Advocis
- Formerly: Life Underwriters Association of Canada (LUAC), Canadian Association of Insurance and Financial Advisors (CAIFA), Canadian Association of Financial Planners (CAFP)
- Type: Professional Association
- Industry: Financial Services
- Founded: November 2003
- Headquarters: 10 Lower Spadina Ave, Suite 700, Toronto, ON, M5V 2Z2, Canada
- Area served: Canada
- Members: 13,000+
- Website: advocis.ca

= Advocis =

Financial Advisors Association of Canada (TFAAC)

Advocis, The Financial Advisors Association of Canada (TFAAC) is the largest voluntary professional membership association of financial advisors in Canada, representing more than 13,000 members and 40 chapters across the country.

== History ==
On June 4, 1906, members of the Life Underwriters Associations of Montreal, Quebec City, Prince Edward Island and Toronto met and founded the Life Underwriters Association of Canada (LUAC) in the interest of life insurance agents, and to represent their views to government and the public.

On October 1, 1997, a resolution was passed to change the name of LUAC to the Canadian Association of Insurance and Financial Advisors (CAIFA).

On November 7, 2003, CAIFA merged with the Canadian Association of Financial Planners (CAFP) via the passage of a special act through the Federal Parliament of Canada and was formally incorporated as Advocis, The Financial Advisors Association of Canada.

== Advocacy ==

Through member-driven committees, Advocis engages with federal and provincial governments across Canada to pursue both the interests of financial advisors and the general public. In recent years, Advocis has been predominantly focused on issues related to title protection, advocating strongly for greater regulation of who is permitted to use the title of 'Financial Advisor' and 'Financial Planner' in jurisdictions across Canada. To date, such legislation has been passed in Ontario and Saskatchewan.

== Education ==

Advocis provides educational programs for a range of financial designations in Canada, including the Chartered Life Underwriter (CLU), Professional Financial Advisor (PFA) and Certified Health Insurance Specialist (CHS) designations. Advocis also offers programs for the Life License Qualification Program (LLQP) and a variety of other certificates and courses intended to meet regulatory requirements for financial advisor Continuing Education.

== FORUM Magazine ==
FORUM Magazine is a quarterly magazine published by Advocis which focuses on issues of interest to professional financial advisors. It was originally founded in 1914 by LUAC as The Life Underwriters News.
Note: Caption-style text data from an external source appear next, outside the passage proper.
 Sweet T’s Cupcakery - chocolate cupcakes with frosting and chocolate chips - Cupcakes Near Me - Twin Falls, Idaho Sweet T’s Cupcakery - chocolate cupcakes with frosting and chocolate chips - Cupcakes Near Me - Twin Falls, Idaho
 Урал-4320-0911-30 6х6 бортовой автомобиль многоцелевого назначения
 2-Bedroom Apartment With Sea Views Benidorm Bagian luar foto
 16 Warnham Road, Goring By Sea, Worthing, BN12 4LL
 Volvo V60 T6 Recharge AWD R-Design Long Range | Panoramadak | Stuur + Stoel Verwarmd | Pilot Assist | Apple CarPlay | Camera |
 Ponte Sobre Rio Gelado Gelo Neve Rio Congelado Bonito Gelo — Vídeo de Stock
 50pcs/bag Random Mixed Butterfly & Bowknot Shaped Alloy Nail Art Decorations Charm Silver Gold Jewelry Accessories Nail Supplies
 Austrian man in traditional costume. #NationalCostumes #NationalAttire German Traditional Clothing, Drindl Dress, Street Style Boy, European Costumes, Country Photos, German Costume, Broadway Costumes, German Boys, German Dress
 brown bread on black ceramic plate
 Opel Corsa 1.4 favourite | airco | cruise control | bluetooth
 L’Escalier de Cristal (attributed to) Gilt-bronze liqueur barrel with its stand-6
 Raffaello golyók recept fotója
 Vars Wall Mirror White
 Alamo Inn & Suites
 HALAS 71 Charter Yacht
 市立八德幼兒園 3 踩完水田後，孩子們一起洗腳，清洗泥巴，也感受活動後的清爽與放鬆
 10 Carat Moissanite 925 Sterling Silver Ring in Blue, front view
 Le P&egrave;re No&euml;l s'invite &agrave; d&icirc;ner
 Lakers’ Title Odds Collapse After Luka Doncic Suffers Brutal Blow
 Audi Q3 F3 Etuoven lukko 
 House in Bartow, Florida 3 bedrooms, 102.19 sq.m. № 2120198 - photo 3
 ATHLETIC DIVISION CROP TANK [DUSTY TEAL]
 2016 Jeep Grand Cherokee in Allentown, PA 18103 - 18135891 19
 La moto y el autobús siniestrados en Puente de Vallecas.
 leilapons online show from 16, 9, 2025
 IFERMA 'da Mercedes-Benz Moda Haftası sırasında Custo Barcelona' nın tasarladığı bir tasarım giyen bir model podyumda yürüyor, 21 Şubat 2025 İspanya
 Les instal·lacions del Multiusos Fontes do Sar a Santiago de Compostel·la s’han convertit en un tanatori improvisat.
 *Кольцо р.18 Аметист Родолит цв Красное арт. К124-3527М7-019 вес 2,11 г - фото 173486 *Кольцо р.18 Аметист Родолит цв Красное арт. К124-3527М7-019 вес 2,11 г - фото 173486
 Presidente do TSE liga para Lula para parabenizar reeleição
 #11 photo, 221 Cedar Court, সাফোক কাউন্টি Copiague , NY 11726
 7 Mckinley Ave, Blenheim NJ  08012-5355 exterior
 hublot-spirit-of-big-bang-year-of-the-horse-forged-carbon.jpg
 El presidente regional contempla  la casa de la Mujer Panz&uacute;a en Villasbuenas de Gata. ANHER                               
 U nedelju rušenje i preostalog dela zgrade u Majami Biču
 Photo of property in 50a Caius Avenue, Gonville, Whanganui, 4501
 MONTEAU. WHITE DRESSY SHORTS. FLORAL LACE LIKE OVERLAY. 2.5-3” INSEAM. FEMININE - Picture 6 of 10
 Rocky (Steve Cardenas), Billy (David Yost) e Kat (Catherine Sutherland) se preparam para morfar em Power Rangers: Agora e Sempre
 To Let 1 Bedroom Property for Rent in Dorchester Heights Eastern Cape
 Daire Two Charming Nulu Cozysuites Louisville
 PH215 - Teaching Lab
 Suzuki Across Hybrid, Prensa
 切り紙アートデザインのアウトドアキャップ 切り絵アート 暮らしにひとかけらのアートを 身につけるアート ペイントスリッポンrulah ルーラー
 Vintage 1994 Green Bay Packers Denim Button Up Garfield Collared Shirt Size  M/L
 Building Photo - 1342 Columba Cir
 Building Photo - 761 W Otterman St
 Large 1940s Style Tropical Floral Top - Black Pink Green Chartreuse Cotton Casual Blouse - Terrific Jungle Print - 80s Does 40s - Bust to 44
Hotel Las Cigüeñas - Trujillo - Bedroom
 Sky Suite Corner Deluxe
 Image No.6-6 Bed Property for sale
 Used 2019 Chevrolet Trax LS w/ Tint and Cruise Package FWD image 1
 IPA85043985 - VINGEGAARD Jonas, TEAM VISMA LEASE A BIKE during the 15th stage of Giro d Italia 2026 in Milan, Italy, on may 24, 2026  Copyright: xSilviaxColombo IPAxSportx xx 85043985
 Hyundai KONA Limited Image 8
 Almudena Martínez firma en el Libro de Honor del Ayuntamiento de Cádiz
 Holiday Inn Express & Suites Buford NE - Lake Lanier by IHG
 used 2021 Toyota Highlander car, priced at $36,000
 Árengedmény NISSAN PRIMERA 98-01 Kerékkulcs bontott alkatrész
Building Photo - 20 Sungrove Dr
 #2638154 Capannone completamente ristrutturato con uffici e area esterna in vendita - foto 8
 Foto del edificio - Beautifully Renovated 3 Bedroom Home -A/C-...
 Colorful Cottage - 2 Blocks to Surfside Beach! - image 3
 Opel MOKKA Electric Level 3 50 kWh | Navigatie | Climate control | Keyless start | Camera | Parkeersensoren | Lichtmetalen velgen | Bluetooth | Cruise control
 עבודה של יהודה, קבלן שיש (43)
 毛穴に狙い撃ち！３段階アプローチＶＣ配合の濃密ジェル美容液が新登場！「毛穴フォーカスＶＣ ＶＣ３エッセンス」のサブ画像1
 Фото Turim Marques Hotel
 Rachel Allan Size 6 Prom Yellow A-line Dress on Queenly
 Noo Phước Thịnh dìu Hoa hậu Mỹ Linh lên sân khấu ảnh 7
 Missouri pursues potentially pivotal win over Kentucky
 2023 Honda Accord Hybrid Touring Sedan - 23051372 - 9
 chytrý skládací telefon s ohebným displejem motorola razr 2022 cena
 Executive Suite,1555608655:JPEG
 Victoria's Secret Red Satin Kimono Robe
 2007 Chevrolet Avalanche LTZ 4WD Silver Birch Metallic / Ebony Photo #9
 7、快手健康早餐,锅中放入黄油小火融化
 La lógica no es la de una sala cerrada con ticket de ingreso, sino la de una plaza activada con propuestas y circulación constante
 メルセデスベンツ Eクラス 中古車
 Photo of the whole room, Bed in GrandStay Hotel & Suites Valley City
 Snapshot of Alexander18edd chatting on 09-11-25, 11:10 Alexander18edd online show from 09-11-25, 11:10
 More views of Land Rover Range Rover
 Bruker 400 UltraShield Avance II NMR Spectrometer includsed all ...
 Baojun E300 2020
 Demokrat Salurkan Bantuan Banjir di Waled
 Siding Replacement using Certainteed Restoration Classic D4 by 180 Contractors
== Associated organizations ==

=== The Institute for Advanced Financial Education (IAFE) ===
As part of TFAAC prior to its incorporation, IAFE operated as the designation body and business unit of The Financial Advisors Association of Canada (TFAAC). The Institute also serves as the enforcement body for The Institute, and the Advocis Code of Professional Conduct (CPC).

=== Advocis Broker Services (ABS) ===
Advocis Broker Services is a boutique insurance agency focused on financial advisors, and specifically members of Advocis.

=== The Conference for Advanced Life Underwriting (CALU) ===
CALU is a 'sister organization' to Advocis, representing a subsection of approximately 650 Advocis members who are advanced practitioners.

=== GAMA International Canada (GAMA) ===
GAMA International Canada is the Canadian associate of GAMA International, a professional association limited to financial services professionals in managerial positions.